In 1853, the weights of U.S. silver coins (except the dollar itself, which was rarely used) were reduced. This had the effect of placing the nation effectively (although not officially) on the gold standard. The retained weight in the dollar coin was a nod to bimetallism, although it had the effect of further driving the silver dollar coin from commerce. Foreign coins, including the Spanish dollar, were also widely used as legal tender, until 1857.
With the enactment of the National Banking Act of 1863—during the American Civil War—and its later versions that taxed states' bonds and currency out of existence, the dollar became the sole currency of the United States and remains so today.

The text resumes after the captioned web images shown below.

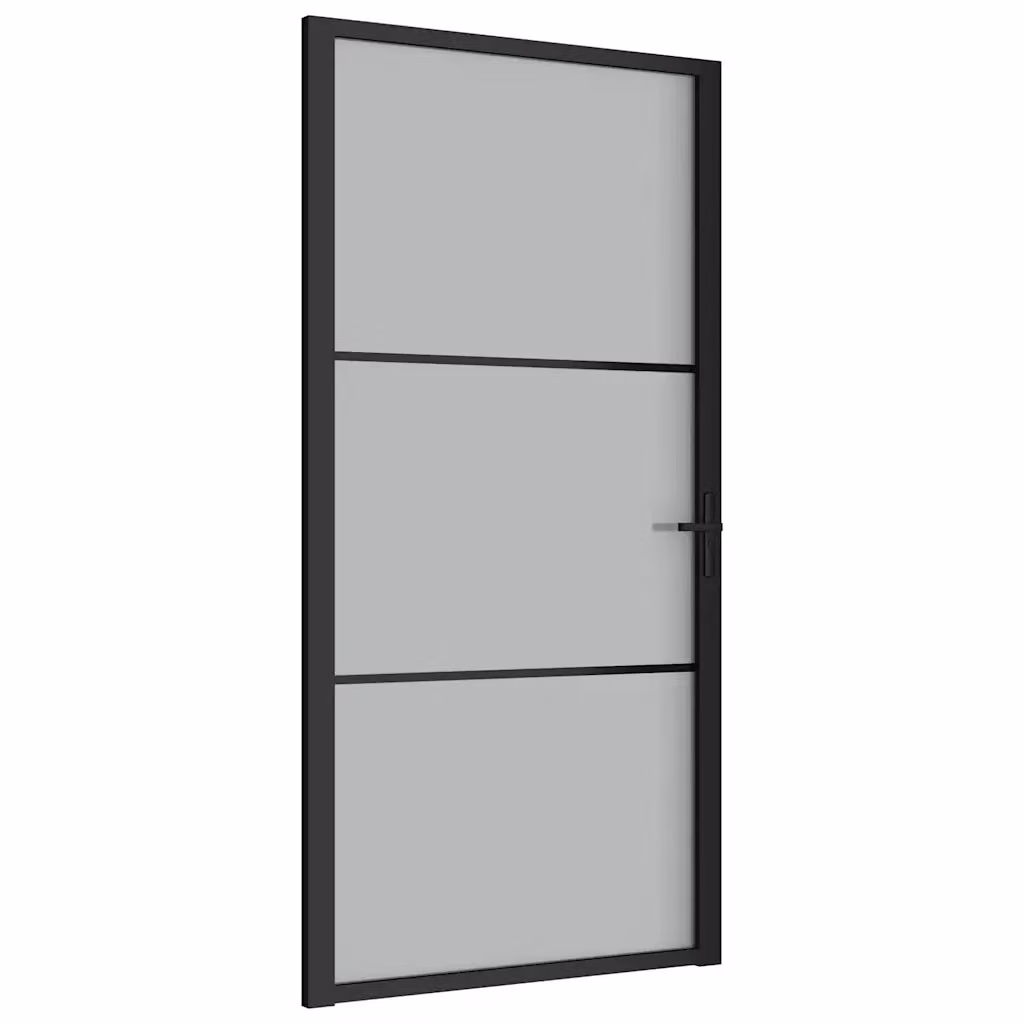 Porta Interna Scorrevole vidaXL in Alluminio e Vetro Trasparente Nero Opaco L: 102,5 cm, H: 201,5 cm – 2
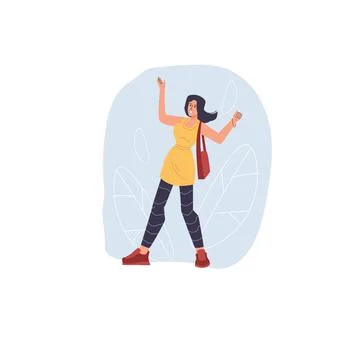 Flat cartoon character in happy mood,vector illustration concept Stock Illustration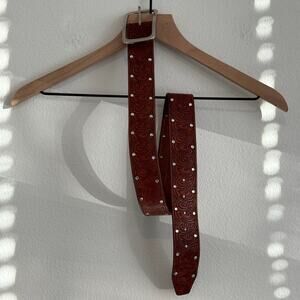 Vintage GUESS Leather Belt Rhinestone Studded Embossed Brown w/ Silver Buckle S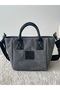 Gray Women's Canvas Hand and Shoulder Bag with Vintage Detail - 6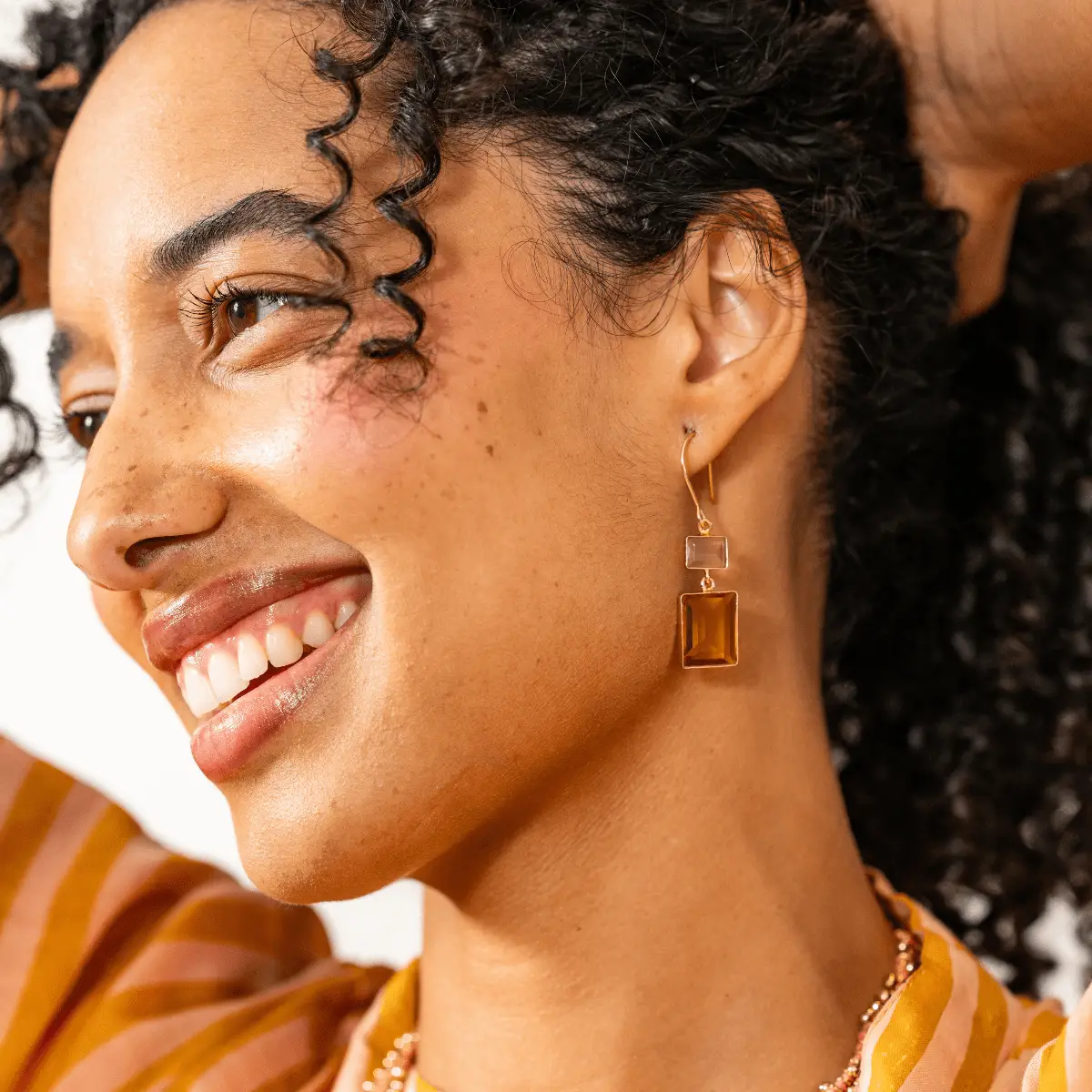 Veronica Two Tone Color Cut Glass Dangle Earrings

During the 19th century the dollar was less accepted around the world than the British pound. Nellie Bly carried Bank of England notes on her 1889–1890 trip around the world in 72 days; she also brought some dollars, Bly wrote, "to use at different ports as a test to see if American money was known outside of America". Traveling east from New York, she did not see American money until she found $20 gold pieces used as jewelry in Colombo; there Bly found that as currency dollars were accepted at a 60% discount.
In 1878, the Bland–Allison Act was enacted to provide for freer coinage of silver. This act required the government to purchase between $2 million and $4 million worth of silver bullion each month at market prices and to coin it into silver dollars. This was, in effect, a subsidy for politically influential silver producers.
The discovery of large silver deposits in the Western United States in the late 19th century created a political controversy. Due to the large influx of silver, the intrinsic value of the silver in the nation's coinage dropped precipitously. On one side were agrarian interests such as the Greenback Party that wanted to retain the bimetallic standard in order to inflate the dollar, which would allow farmers to more easily repay their debts. On the other side were Eastern banking and commercial interests, who advocated sound money and a switch to the gold standard. This issue split the Democratic Party in 1896. It led to the famous Cross of Gold speech given by William Jennings Bryan, and may have inspired many of the themes in The Wizard of Oz. Despite the controversy, the status of silver was slowly diminished through a series of legislative changes from 1873 to 1900, when a gold standard was formally adopted. The gold standard survived, with several modifications, until 1971.
Gold standard
Note: all references to 'ounce' in this section are to the troy ounce as used for precious metals, rather than to the (smaller) avoirdupois ounce used in the United States customary units system for other goods.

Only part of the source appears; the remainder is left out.